SAILLE - WILLOW
Physical Properties
Willow, also called Sallows (broad leaf variants) and Osiers (narrow leaf shrub variant), are members of the Salix genus, Family: Salicaceae. The root of the Celtic name Sallie means "near water" and indeed this is where the willow tree is generally found. It has long, slender branches, tough but pliant wood, and large fibrous roots which readily regrow, making it an excellent candidate for coppicing/pollarding. Their leaves range in color from yellow-green, to red and even bluish tones. They are dioecious – male and female catkins occur on different plants. These catkins also serve as another important source of pollen early in the season for bees.
Willow contains watery bark-sap rich in salicin, which is converted to salicylic acid in the body – a precursor molecule to the active ingredient in aspirin. Willow bark has long been used as a remedy for aches and fevers. Willow has also been used since neolithic times for building and crafting things – most notably the wattle and daub technique to build walls and fences, as well as in baskets, fish traps, and coracles. All techniques that use willow’s pliant but strong features to its advantage. Willow also has uses in bio-filtration – they can filter heavy metals and other impurities from water as well as helping to stabilize stream/river banks, slopes and other areas where soil erosion occurs thanks to their robust and tenacious root systems.

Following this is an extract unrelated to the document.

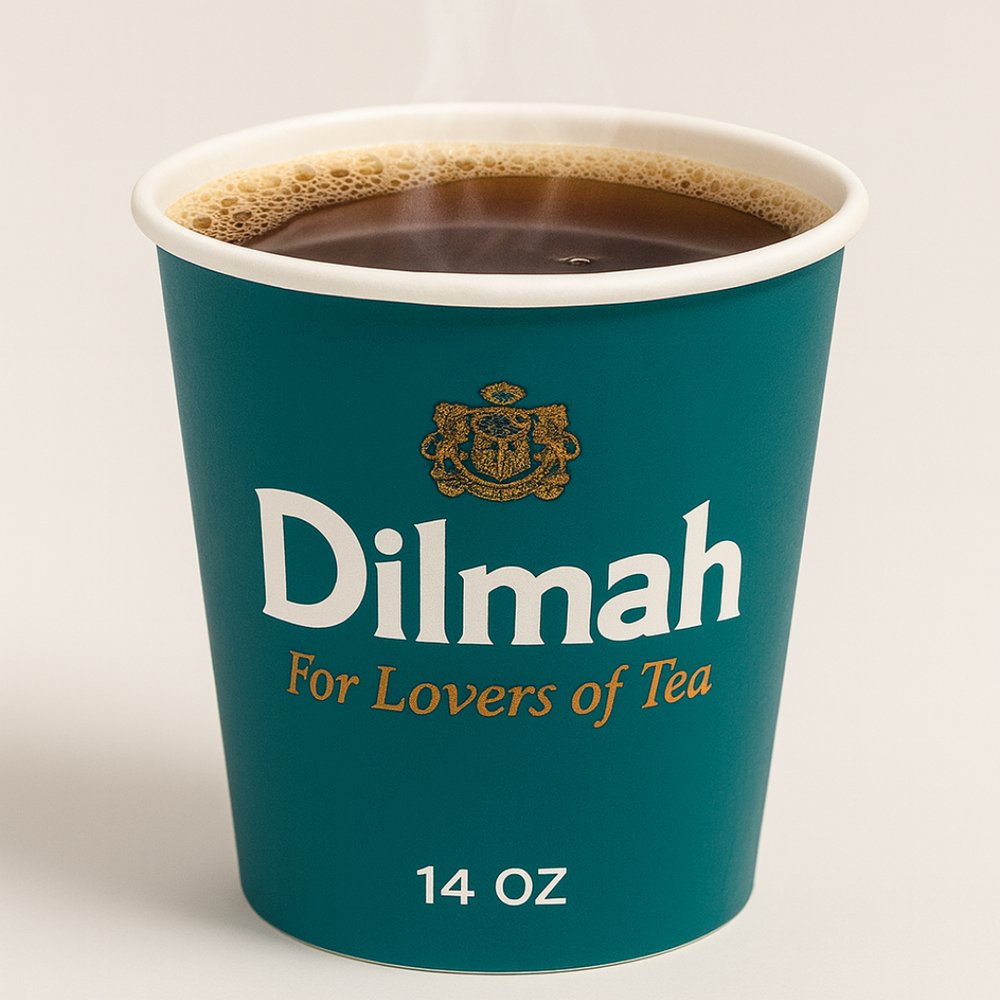 VASO TE DILMAH 14 OZ 1 X 25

The tree itself from afar looks like a fountain, its multiple trunks, branches and leaves rising up out of the ground, pulling energy up from the earth to spring up and flow outward and back down to the ground, providing a canopy of shade cover, protection, and to sit under one of these beautiful and strong trees confers a feeling of safety and calm. I have found the base of a willow to be the perfect safe space to process my grief and receive messages from my deep inner intuition.
Magical Properties & Lore
Willow is associated with the concept of boundaries. It is also commonly associated with Brigid, particularly in her maiden form. The face of Brigid known as Briga is the patron of warriors – Brigands – who are warrior guardians of boundaries both in the physical realm and between the worlds. Boundaries are so important, and are becoming a topic of regular conversation in mainstream consciousness. Boundary is defined as 'a line that marks the limit of an area' - they help us to know who, what, where, when and how we are and what our limits are - think of this in terms of the ways you will and will not tolerate being treated, for example. We need boundaries to help us distinguish self from not-self, to help us know what is ours and what belongs to someone else. Good boundaries help to keep a person safe, secure and healthy. Boundaries are also part of healing – a good healer knows when to help and when to step out of the way and let nature take its course. This requires that one is in touch with their emotions and their internal experience, so that they can create boundaries and advocate for themselves and what their limits are. Our boundaries can be rigid or permeable, and this is influenced by our life experiences, trauma, patterning, as well as the culture of the society we grow up in.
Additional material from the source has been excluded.